五旬節の日になって、みなが一つ所に集まっていた。すると突然、天から、激しい風が吹いて来るような響きが起こり、彼らのいた家全体に響き渡った。また、炎のような分かれた舌が現われて、ひとりひとりの上にとどまった。すると、みなが聖霊に満たされ、御霊が話させてくださるとおりに、他国のことばで話しだした。…(使徒の働き2章1-13節参照)
クリスチャンである私たちには、新しい生き方があります。その一つは、私たちが幸せを皆で一緒に体験していくことです。世の中には、他人を騙し出し抜いてでも、自分だけが幸せに、お金持ちになろうという醜い人生哲学がはびこっています。しかし、クリスチャンは、神から与えられる祝福を私たちが共に分かち合うことができるのです。先日話題になった6億円が当たるというサッカーくじのように、特定の運の良い人だけが恵まれるのではありません。
神様はここにおられます。この礼拝の中におられ、皆が祝福されるのです。それは私たちのがんばりや信心の力によるのではありません。神自らが主導権を握ってくださって、聖霊の働きをもって私たちを導いて力強く働いてくださるのです。だからすばらしいのです。神様の主導権に私たちを委ねて、聖霊の恵みに満たされましょう。
先週は、95歳で天寿を全うし、天に召された大原尚子姉妹は、神様を畏(おそ)れ「神のみ前に侍(はべ)りたい」「聖書を拝読させていただく」との謙虚な姿勢で信仰生活を歩んでおられたとご家族のお証しをお聞きしました。私たちは豊かになりましたが、その豊かさを履き違え、命を与えてくださった神様にまでわがままを言い放題になってしまってはなりません。謙(へりくだ)って神様の恵みをいただく者となりましょう。

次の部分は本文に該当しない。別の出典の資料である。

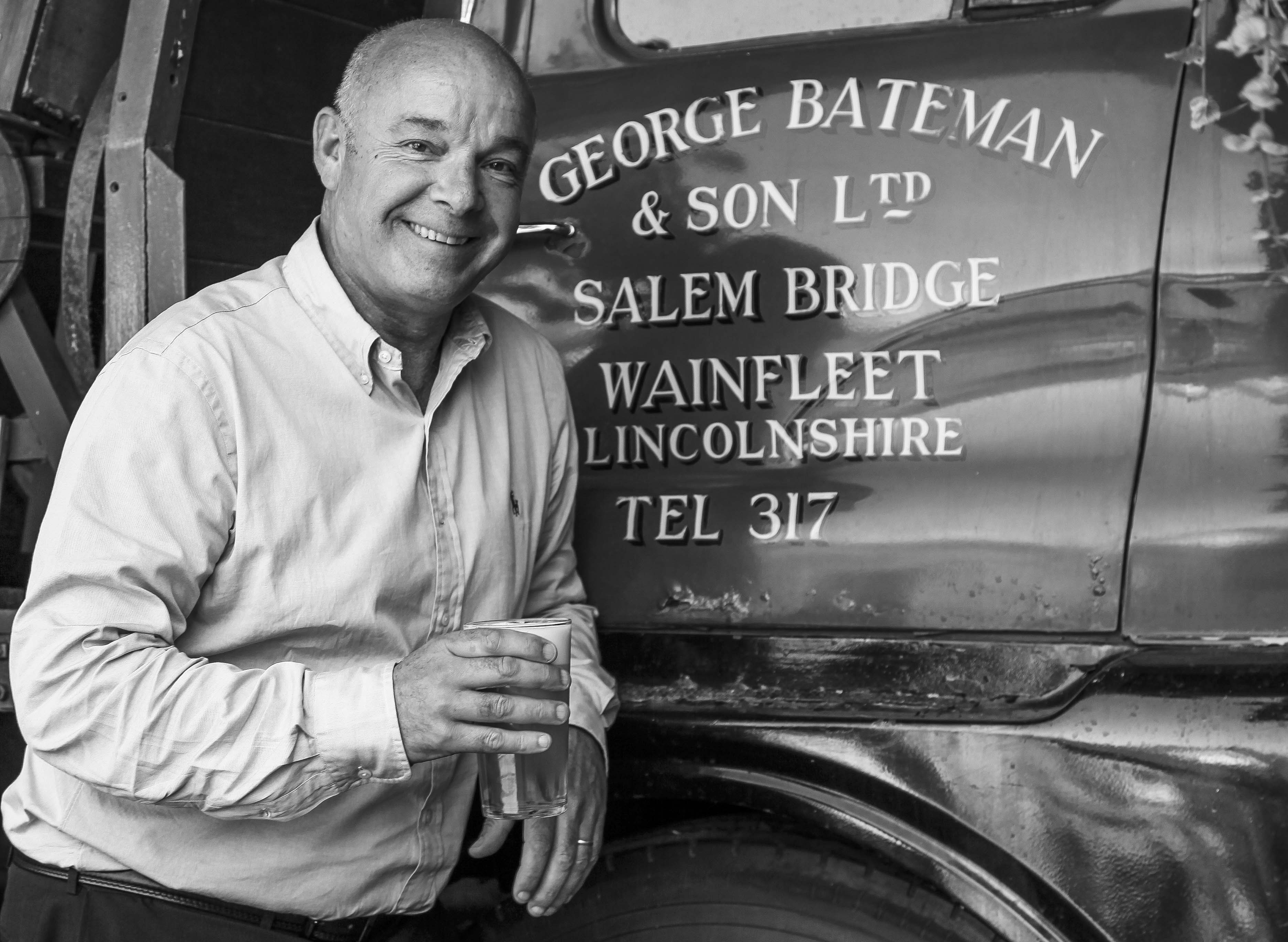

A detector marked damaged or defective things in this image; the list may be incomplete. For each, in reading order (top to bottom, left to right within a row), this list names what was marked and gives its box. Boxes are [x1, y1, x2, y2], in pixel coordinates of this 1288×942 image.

5月27日は教会暦(きょうかいれき)ではペンテコステの聖日です。イースター(復活節)から50日経ったときのまつりが、ペンテコステ(五旬節(ごじゅんせつ))です。この日、神の聖霊が弟子たちの上に注がれ、新しい命に満たされたのです。それ以来教会では、イースターから7週経った日曜日を祝っているのです。
もしも聖霊が降(くだ)らなければ、どうなっていたでしょう。
1.信仰は特別な個人のものに留まった
「みなが聖霊に満たされ」とあるとおり、人間的な功績や区別に関係なく、聖霊は皆の上に注がれたのです。それにより、私たちは皆で祝福され恵まれ救いの喜びを受け、癒しや奇跡さえ体験できるようになったのです。
2.私たちの信仰は知識や理屈に終わった
聖霊が注がれたことにより、信仰が明確なものとなり、人生を変える大きな力となったのです。それまでの信仰は、旧約聖書の知識や理解の深さによるものでした。しかし、聖霊が降ったことにより、聖書の中のキリストの救いが、だれにでも具体的事実として受け止めることができ、人生そのものを変える事実としての恵みとなったのです。
3.今でもユダヤ教の中だけにとどまっていた
聖霊が降らなければ、真の神を信じる信仰は、単なるユダヤ教の範囲で終わっていたでしょう。しかし、聖霊が降り他国の言葉で神の大きなみわざが語られてより、イエス・キリストの救いは全世界、全人類のものとなったのです。
4.信仰は自分の理解だけのものにとどまった
信仰は、人間的な正しさや理解、人間的な力の信仰に終わっていたでしょう。しかし、聖霊が降ったことにより、救い主イエス・キリストの恵みを皆で分かち合うことができるようになったのです。120人の弟子たち全員が変えられ、イエス・キリストの救いが全世界に伝えられ、世代を超えて伝えられていったのです。それにより、私たちはクリスチャンとなることができ、この礼拝にも出席できているのです。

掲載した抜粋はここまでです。